René Guénon was born in Blois, France, in 1886. He grew up in a strict Catholic environment and was schooled by Jesuits. As a young man he moved to Paris to take up studies in mathematics at the College Rollin. However, his energies were soon diverted from academic studies and in 1905 he abandoned his formal higher education studies. Guénon submerged himself in certain currents of French occultism and became a leading member in several secret organizations such as theosophical, spiritualistic, masonic, and “gnostic” societies. In June, 1909 Guénon founded the occultist journal La Gnose. It lasted a little over two years and carried most of Guénon’s writings from this period.

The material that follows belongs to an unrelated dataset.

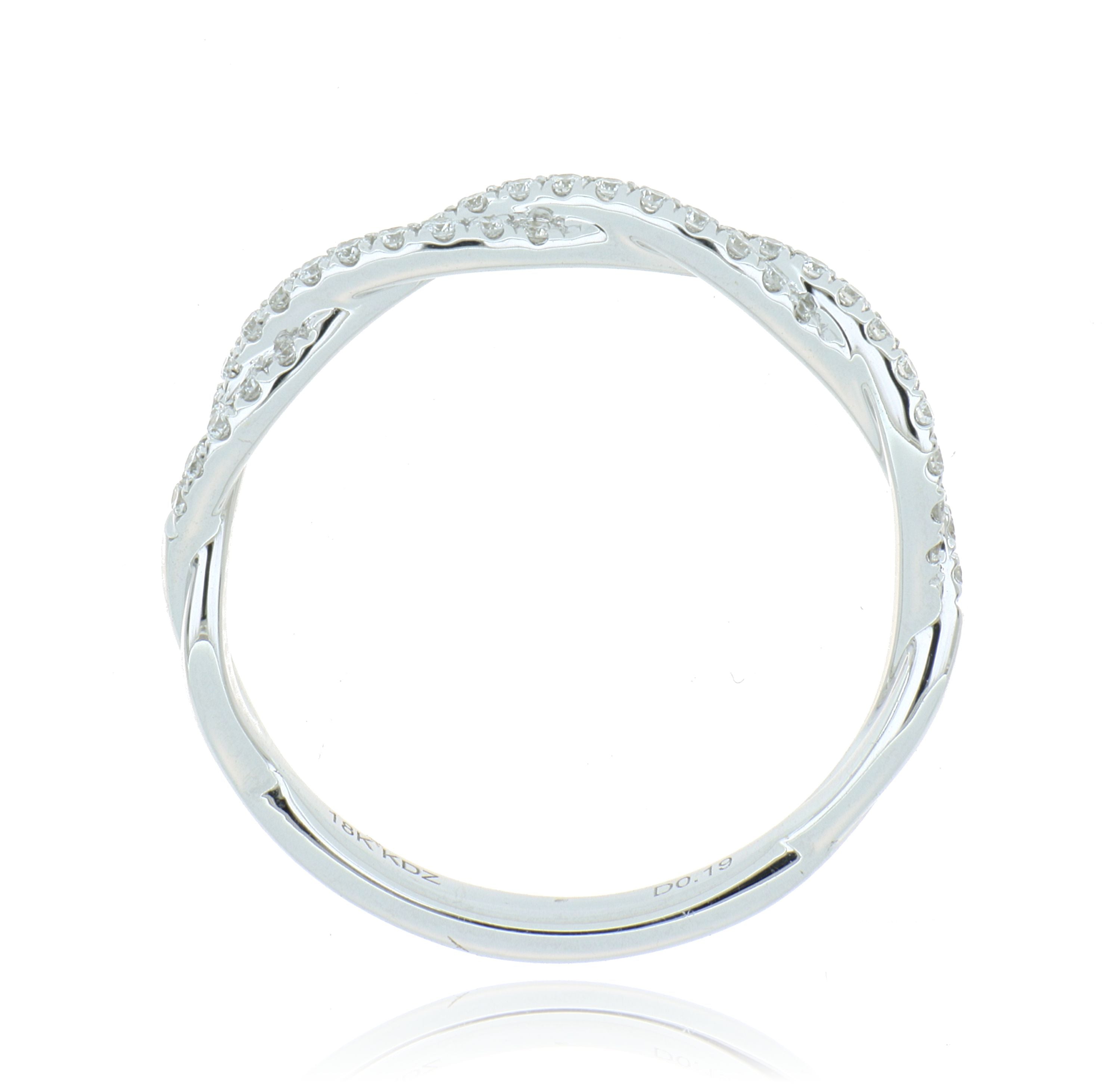 18k White Gold Twisted Diamond Band - Charles Koll Jewelers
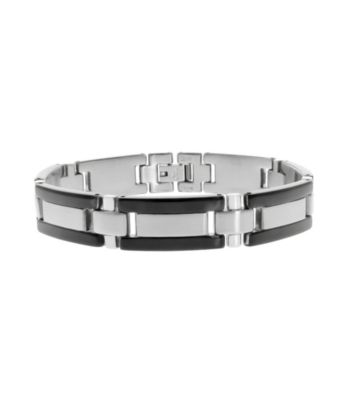 Link Bracelet with Black Ion Plating And Stainless Steel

Although Guénon was later to disown the philosophical and historical assumptions on which such occultist movements were built, and to contrast their “counterfeit spirituality” with what he came to see as genuine expressions of traditional esoterism, he always steadfastly opposed contemporary European civilization. There have been suggestions that during this period Guénon received either a Taoist or an Islamic initiation—or both. Whitall Perry has suggested that the “catalyzing element” was Guénon’s contact with representatives of the Advaita school of Vedanta. It was during this period that he embarked on a serious study of the doctrines of Taoism, Hinduism, and perhaps Islam.

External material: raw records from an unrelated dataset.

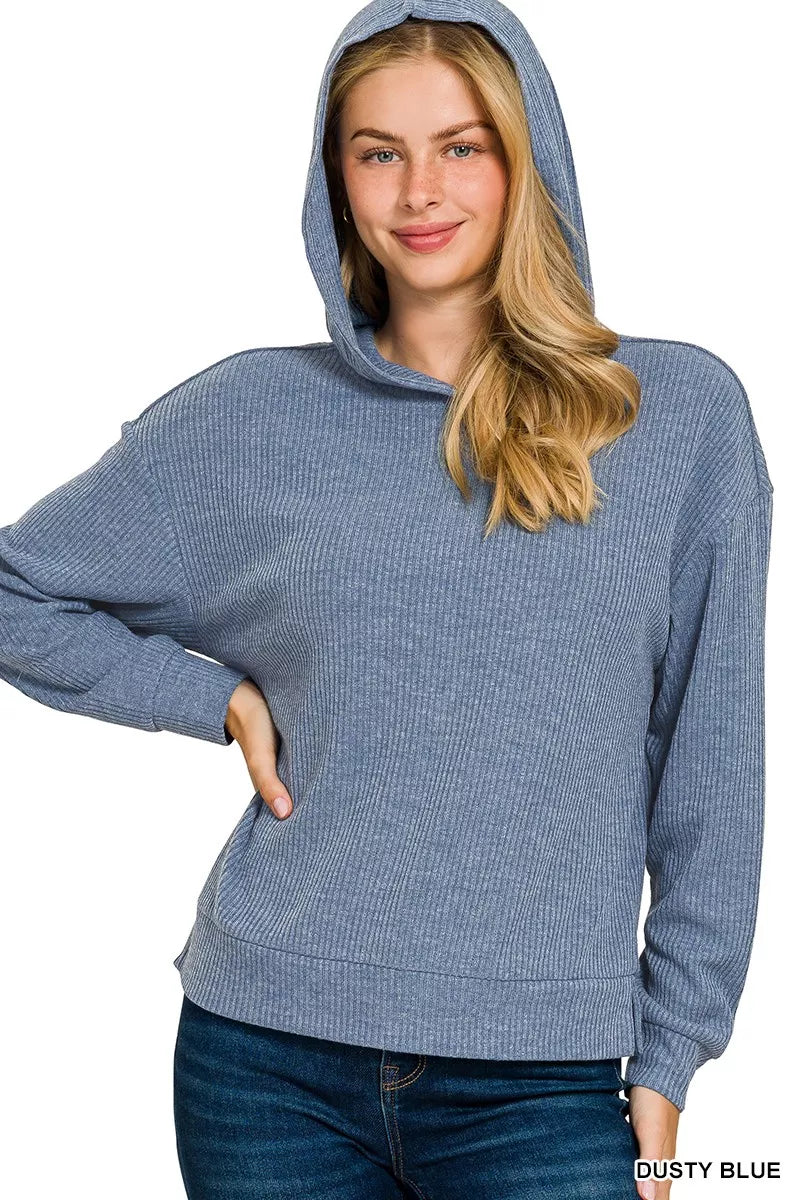 Ribbed Long Sleeve Hoodie Dusty Blue | Hoodies Daverri Fashions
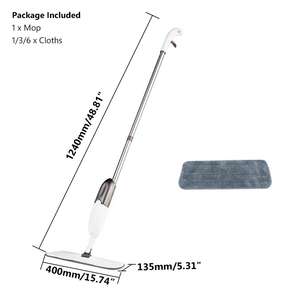 Kit de Serpillière Plate en <span class=keywords><strong>Microfibre</strong></span> avec Patins Réutilisables, Manche en Aluminium, Pulvérisateur Magique, <span class=keywords><strong>Balai</strong></span> Brosse pour Nettoyage Sol Maison Cuisine - Product Image 6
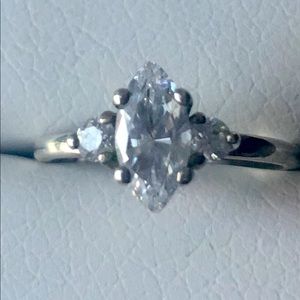 Sterling Silver/Cubic Zirconia Marquise Ring
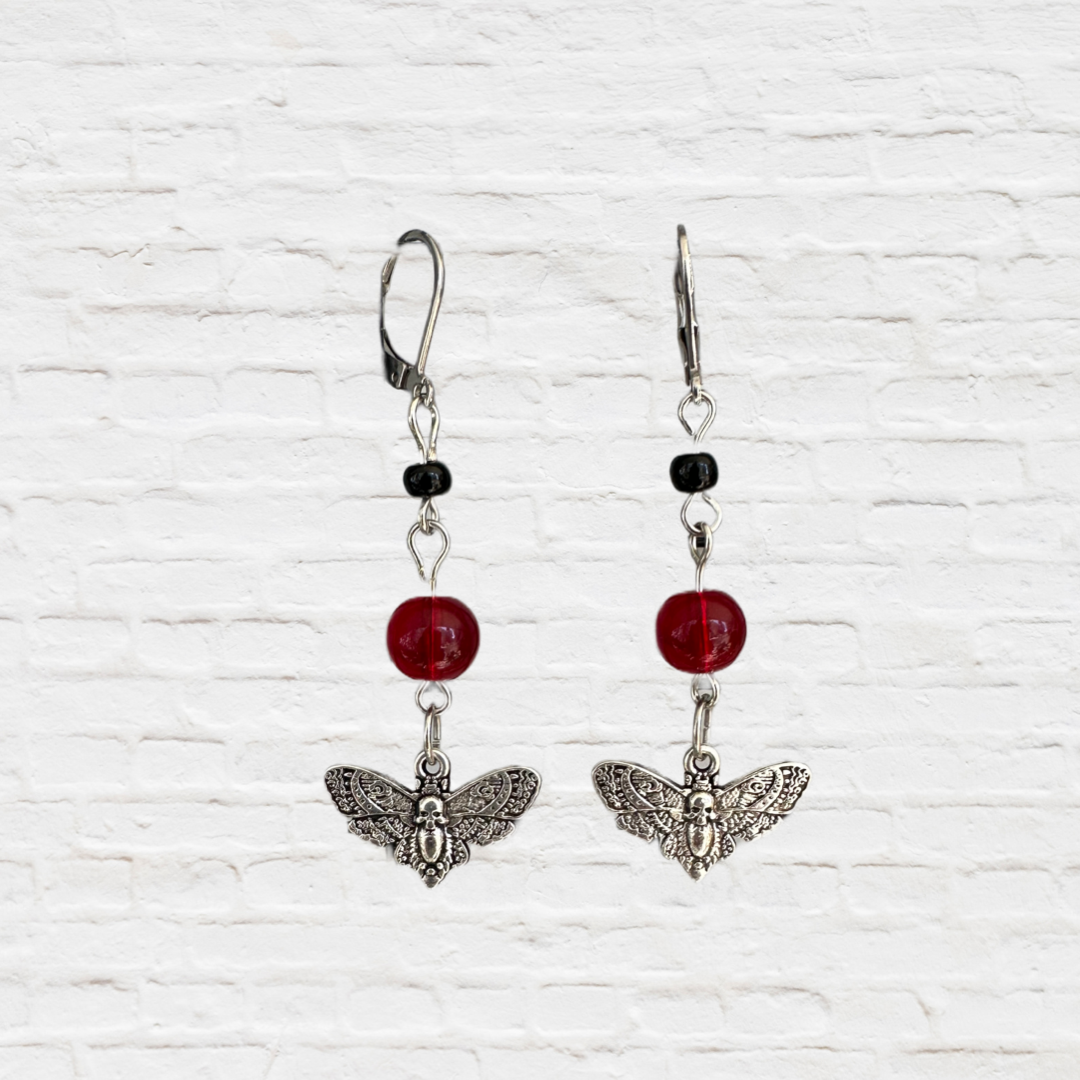 Dead Head Moth Drop Earrings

Guénon emerged now from the rather secretive and obscure world of the occultists and moved freely in an intensely Catholic milieu, leading a busy social and intellectual life. He was influenced by several prominent Catholic intellectuals of the day, among them Jacques Maritain, Fathers Peillaube and Sertillanges, and one M. Milhaud, who conducted classes at the Sorbonne on the philosophy of science. The years 1912 to 1930 are the most public of Guénon’s life. He attended lectures at the Sorbonne, wrote and published widely, gave at least one public lecture, and maintained many social and intellectual contacts. He published his first books in the 1920s and soon became well-known for his work on philosophical and metaphysical subjects.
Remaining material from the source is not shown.